Serpukhov was bypassed to the east by a new bridge over the River Oka, which I would mark on the map in my room later. George said he had often strolled along the beautiful banks with his girlfriend — not the one he had just said goodbye to — in summertime. A glance showed its water running blue under sunlight between sleaving greenery left and right, with flashes of white sand here and there, a Russian paradise. I felt how pleasant it would be to rent a room in a village for a month and enjoy the languorous days.
‘You must come back and do it some time,’ George said. ‘The Writers’ Union would make it possible, since you’re their blue-eyed boy. You’d find a nice Russian girl who, believe me, are the best in the world. Then I suppose you’d be happy, at least for a time.’
Best to go on living with my own inner storm, I thought, the powerhouse of a writer. To present it with good treatment would turn it into a war of spiritual attrition. So I would leave the dazzling serpentine Oka alone and concentrate on the road, or go back to twitting George. ‘Your girlfriend was certainly upset at you leaving. She was as devoted as Melanya in A Nest of Gentlefolk.’
‘“Not with all the strength of her soul” though’ — he finished the quotation — ‘because my girlfriend was angry as well.’
‘All the same, it was very touching. I was almost crying myself. Do young women always play up like that when their boyfriends go away?’
‘Mine do. Not that it’s rare, because women in Russia never know whether or not their men will be coming back. Perhaps it has something to do with the war. They used to say that the way to war was a wide highway, but the way back is only a footpath.’
I was half intoxicated at speeding over such endless tracts of land, so vast we seemed to be going slower than we were, making the scenery somewhat dull. The sun came partially out again, like white wine suffusing the sky. Lorries moving south were laden with iron ore, sand, bricks or crates, so many on the move maybe the railways were overloaded, and though electrified had too few lines to serve the needs of so much industry. Many, however, turned off to places not served by the railway, their space in the column replaced by more vehicles filtering on to the main road north and south. Some were abandoned wrecks just off the verges, and I hoped not because of accidents, though supposed that most were.
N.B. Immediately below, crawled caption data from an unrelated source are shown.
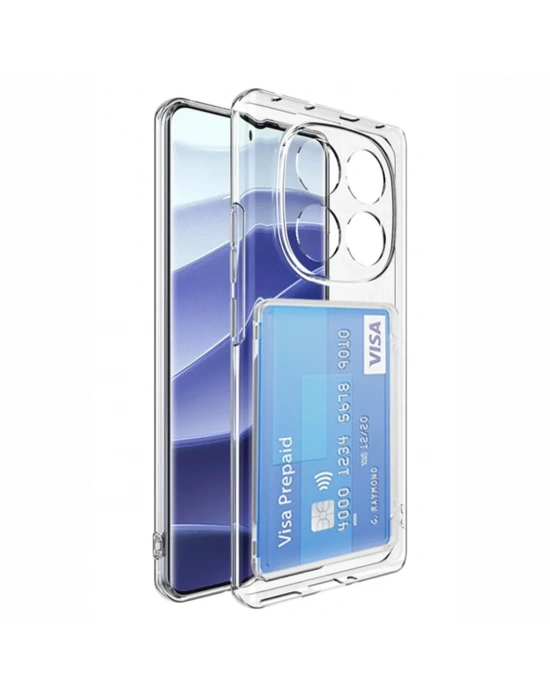 Newface Xiaomi Redmi Note 14 Pro Plus Kılıf Kart Şeffaf Silikon - Şeffaf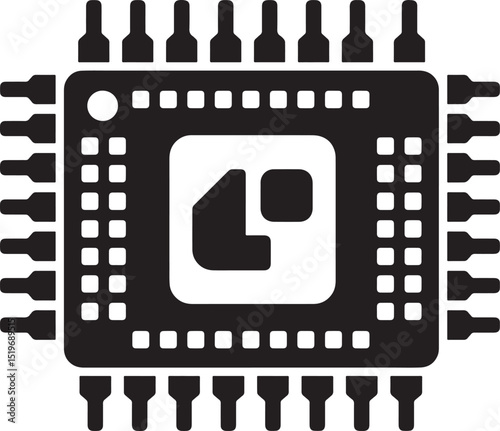 Vector silhouette of a micro electronic chip 1.eps
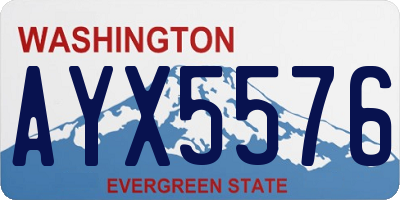 WA license plate AYX5576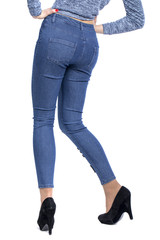Female body part denim jeans, back view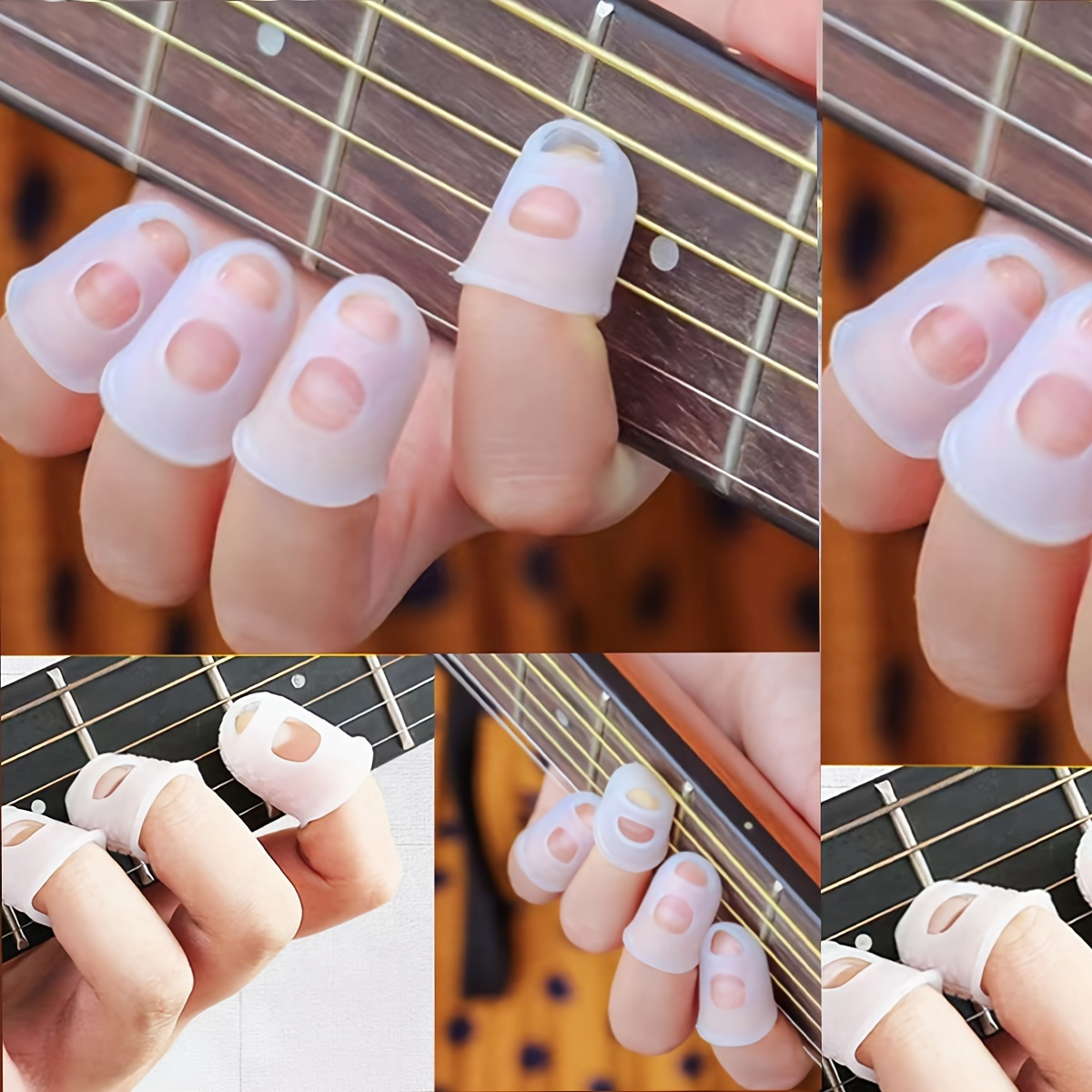 

4pcs Silicone Guitar Finger Picks Set, Transparent Beginner Practice Finger Covers For Acoustic Guitar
Overtaking when it was clear, we made headway, and the impulse of a pleasurable month on the tranquil Oka was ploughed under the wheels of the stalwart Peugeot. We reached Tula three hours after leaving Moscow, trundling over cobblestones and tramlines. Signposts were scarce, or not prominent enough for me to see them without George’s help. On my own I would have been at the mercy of my intuition, and got lost, but even he urged me to pull in a couple of times to ask the way. A street plan of the city would have made little difference. I supposed one day there would be a Michelin guide of Russia, with information and town maps to ease the way of bourgeois travellers, yet wasn’t sure I wanted one in this hit-or-miss exploring ground.
Twenty kilometres south of Tula I turned right and, after a mile, came to Tolstoy’s estate of Yasnaya Polyana, where he lorded it from 1862 until his death in 1910. A gardener told us that the man in charge of the house would be going to lunch in a few minutes, taking the key with him, so we couldn’t be shown inside. We were free to enjoy the grounds though.